Singapore's Channel NewsAsia recently aired a documentary titled Bridging Giants, which recounts the development of China's cooperation with Southeast Asian nations.

Watching the series reminded me of the Chinese phrase "Nanyang," which refers to Southeast Asia. In the Chinese vocabulary, this phrase is associated with "down south" and "voyage."

"A voyage down south" means civilians native to China's southeastern regions migrated to Southeast Asia to make a living. In East China's Fujian Province, there's the small town of Xiananyang, whose name, literally translated, means "going down to Southeast Asia."

Since China adopted the policy of reform and opening-up, the connotation of "a voyage down south" has taken on enormous changes. A rising China is transmitting its development dividends to Southeast Asia through the Belt and Road initiative.

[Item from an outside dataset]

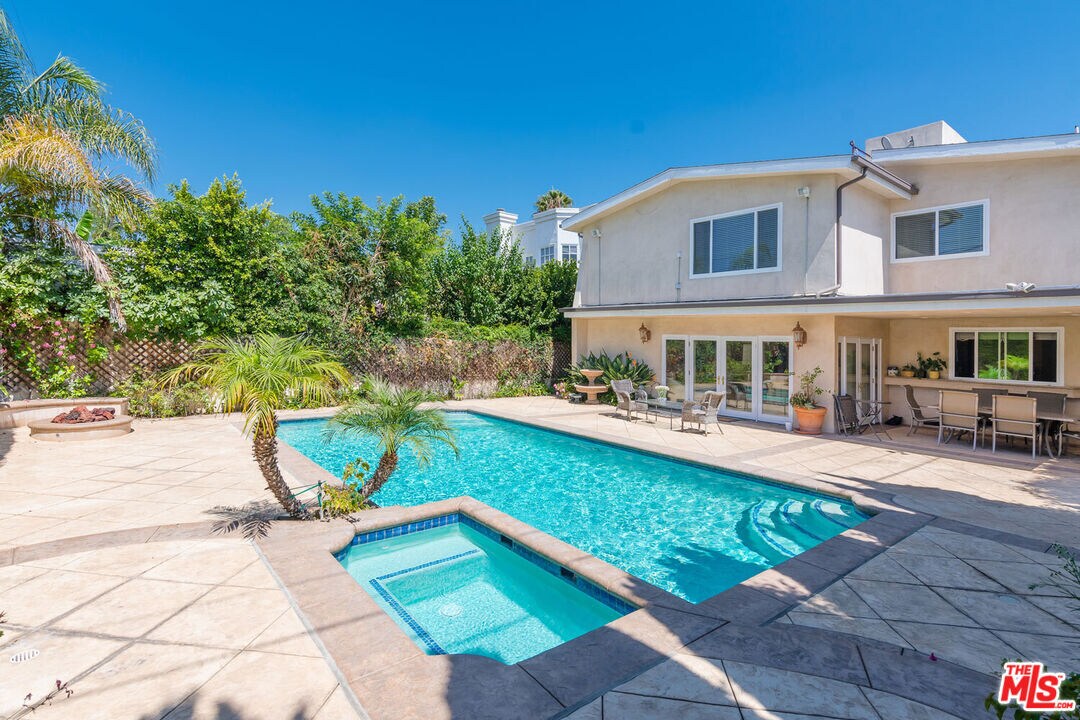 Building Photo - 203 N Palm Dr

The close political, economic and cultural connections between Southeast Asia and China today are largely attributed to the efforts of the Chinese diaspora. They have benefited from China's peaceful development, which, in turn, promoted their position in their current countries of residence.

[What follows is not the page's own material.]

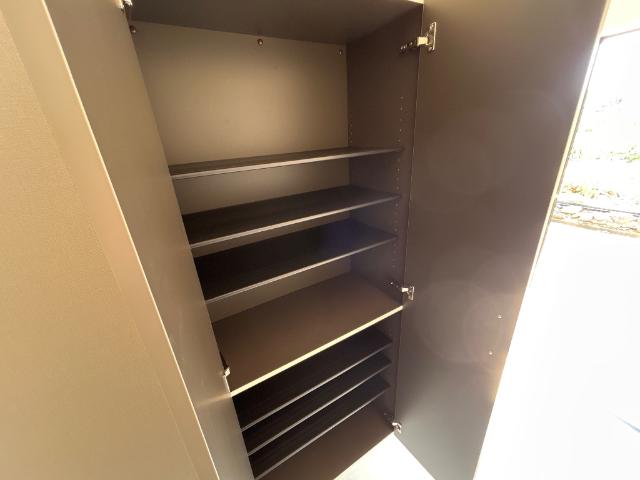 リッシュ203号室 下駄箱
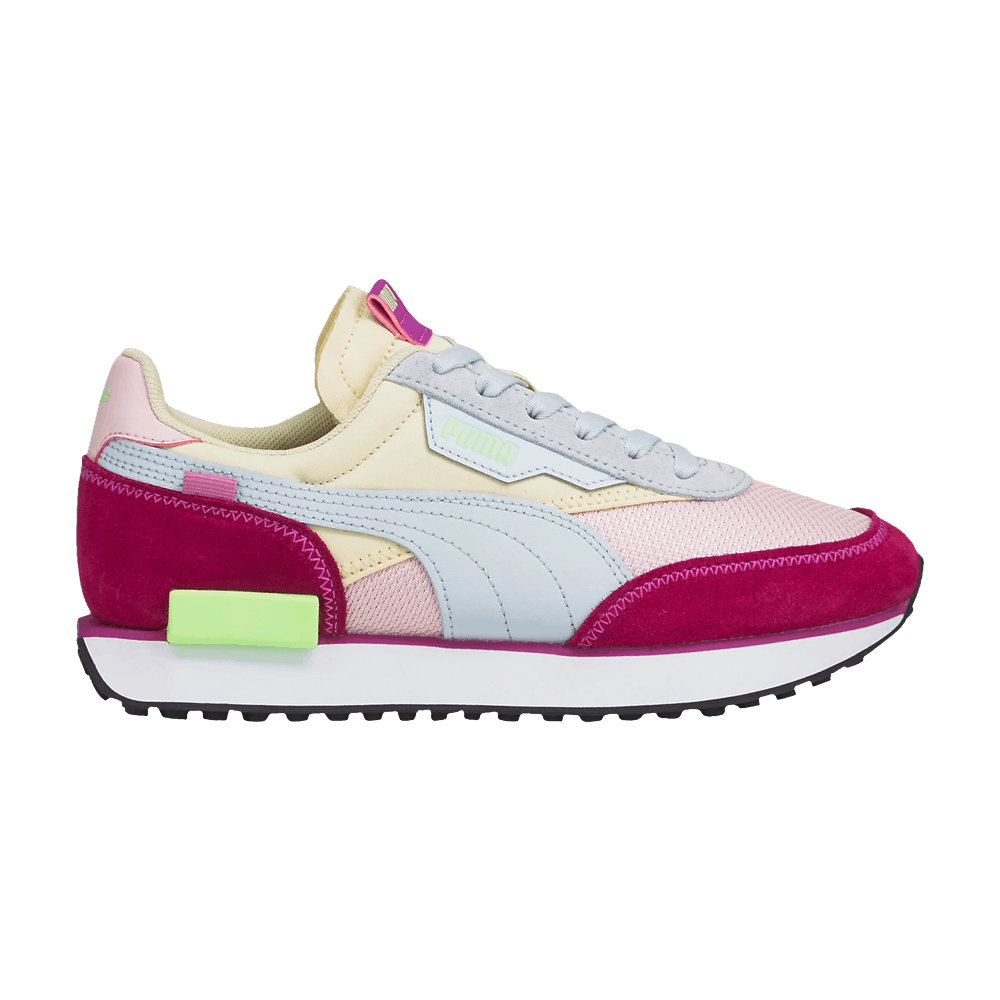 wmns-future-rider-soft-chalk-pink-anise-flower-381141-05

The image of the Chinese diaspora in Southeast Asia, and in particular the way they get along with their fellow citizens has affected China's relations with these countries and directly concerns China's national image.

Nearly 40 years ago when China opened its door to the rest of the world, it was exactly the Chinese diaspora living in Southeast Asia that helped pave the way for made-in-China products to enter the global market with their experience, capital and interpersonal relationships.

The most important change is that they helped the countries where they settled establish intimate economic ties with China. Their influence is often seen in numerous cooperation projects.

The Cheng Ho Cultural Museum in Malaysia, the Warung Laota restaurant in Indonesia, the dragon dance performed by a Chinese community in the Philippines, the martial arts training in an elementary school in Brunei, and the flute music from Singapore's Traditional Southern Fujian Music Society in Bridging Giants all showcase how the Chinese diaspora are carrying forward the traditional culture of their homeland.

This inheritance is of huge practical significance with China's unprecedented development. As China and Southeast Asian nations become closer, the life, business and culture of these established Chinese communities have become a window for the countries they settle in to understand the Chinese people and recognize a modern China.

Meanwhile, their friendship with local people also has a salient impact on China's cooperation with Southeast Asian nations and the advancement of the Belt and Road initiative.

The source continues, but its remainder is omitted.